:: Required work ::
Please filter the listing for the string "Genomics" and copy each matching line.

---------- Provided data ----------

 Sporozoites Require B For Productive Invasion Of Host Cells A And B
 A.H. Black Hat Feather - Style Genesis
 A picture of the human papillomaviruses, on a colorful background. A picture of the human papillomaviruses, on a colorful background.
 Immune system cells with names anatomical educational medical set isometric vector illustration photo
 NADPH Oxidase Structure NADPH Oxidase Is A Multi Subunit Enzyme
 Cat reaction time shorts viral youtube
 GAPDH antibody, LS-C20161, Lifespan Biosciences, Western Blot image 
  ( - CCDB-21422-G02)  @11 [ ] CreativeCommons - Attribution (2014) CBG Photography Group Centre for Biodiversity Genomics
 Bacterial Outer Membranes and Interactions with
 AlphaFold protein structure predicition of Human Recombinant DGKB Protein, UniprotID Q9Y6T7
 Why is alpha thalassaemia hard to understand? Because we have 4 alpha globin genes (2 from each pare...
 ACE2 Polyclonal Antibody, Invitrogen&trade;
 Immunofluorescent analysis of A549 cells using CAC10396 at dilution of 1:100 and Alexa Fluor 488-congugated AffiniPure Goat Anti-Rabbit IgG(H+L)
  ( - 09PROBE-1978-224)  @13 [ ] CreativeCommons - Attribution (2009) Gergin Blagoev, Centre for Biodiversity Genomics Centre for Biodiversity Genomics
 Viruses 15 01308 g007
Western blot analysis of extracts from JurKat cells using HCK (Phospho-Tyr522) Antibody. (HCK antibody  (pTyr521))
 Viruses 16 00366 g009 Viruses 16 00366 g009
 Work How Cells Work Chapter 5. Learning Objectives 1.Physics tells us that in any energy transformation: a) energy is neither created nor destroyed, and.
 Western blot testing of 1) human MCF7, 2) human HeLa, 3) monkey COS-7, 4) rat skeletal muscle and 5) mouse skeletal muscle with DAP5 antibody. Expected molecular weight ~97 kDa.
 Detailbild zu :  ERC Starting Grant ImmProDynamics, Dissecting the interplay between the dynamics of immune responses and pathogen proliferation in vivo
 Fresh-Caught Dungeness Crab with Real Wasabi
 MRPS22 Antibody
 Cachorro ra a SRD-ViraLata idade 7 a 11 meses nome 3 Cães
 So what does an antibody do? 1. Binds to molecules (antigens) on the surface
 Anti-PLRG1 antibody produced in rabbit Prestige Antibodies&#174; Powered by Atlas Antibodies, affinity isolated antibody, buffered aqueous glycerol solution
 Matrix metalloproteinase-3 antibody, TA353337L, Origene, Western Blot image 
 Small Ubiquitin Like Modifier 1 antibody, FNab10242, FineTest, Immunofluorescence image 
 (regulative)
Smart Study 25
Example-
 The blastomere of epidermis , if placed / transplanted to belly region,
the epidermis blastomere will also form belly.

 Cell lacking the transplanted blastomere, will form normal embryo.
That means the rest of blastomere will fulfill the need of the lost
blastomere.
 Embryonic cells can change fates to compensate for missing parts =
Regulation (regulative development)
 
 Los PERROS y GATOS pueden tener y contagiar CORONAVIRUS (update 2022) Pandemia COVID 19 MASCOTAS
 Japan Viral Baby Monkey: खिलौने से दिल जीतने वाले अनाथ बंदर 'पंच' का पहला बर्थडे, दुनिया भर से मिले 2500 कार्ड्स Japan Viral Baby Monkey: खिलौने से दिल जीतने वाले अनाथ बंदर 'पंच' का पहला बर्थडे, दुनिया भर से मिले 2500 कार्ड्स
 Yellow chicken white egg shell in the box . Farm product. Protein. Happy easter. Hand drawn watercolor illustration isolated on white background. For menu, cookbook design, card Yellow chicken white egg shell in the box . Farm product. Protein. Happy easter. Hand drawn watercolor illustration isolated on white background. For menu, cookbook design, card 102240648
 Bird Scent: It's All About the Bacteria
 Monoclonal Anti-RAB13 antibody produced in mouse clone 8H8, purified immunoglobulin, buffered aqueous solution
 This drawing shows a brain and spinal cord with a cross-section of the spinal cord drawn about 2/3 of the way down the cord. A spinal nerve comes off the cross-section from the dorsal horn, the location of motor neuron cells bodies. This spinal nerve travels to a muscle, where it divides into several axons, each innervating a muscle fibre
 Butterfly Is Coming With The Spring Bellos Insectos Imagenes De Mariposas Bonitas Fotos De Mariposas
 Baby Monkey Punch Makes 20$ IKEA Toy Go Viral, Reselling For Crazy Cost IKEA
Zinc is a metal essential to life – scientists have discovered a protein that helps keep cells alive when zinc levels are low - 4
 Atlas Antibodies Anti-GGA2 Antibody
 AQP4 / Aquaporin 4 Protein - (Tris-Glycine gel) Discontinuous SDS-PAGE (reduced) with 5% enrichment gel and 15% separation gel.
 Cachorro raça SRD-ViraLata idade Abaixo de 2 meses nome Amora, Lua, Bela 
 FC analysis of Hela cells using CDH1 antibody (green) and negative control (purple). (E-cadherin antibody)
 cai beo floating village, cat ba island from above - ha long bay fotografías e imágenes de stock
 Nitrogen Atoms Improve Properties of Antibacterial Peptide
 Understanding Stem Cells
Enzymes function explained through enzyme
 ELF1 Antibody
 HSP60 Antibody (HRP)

----------

:: Expected answer ::
  ( - CCDB-21422-G02)  @11 [ ] CreativeCommons - Attribution (2014) CBG Photography Group Centre for Biodiversity Genomics
  ( - 09PROBE-1978-224)  @13 [ ] CreativeCommons - Attribution (2009) Gergin Blagoev, Centre for Biodiversity Genomics Centre for Biodiversity Genomics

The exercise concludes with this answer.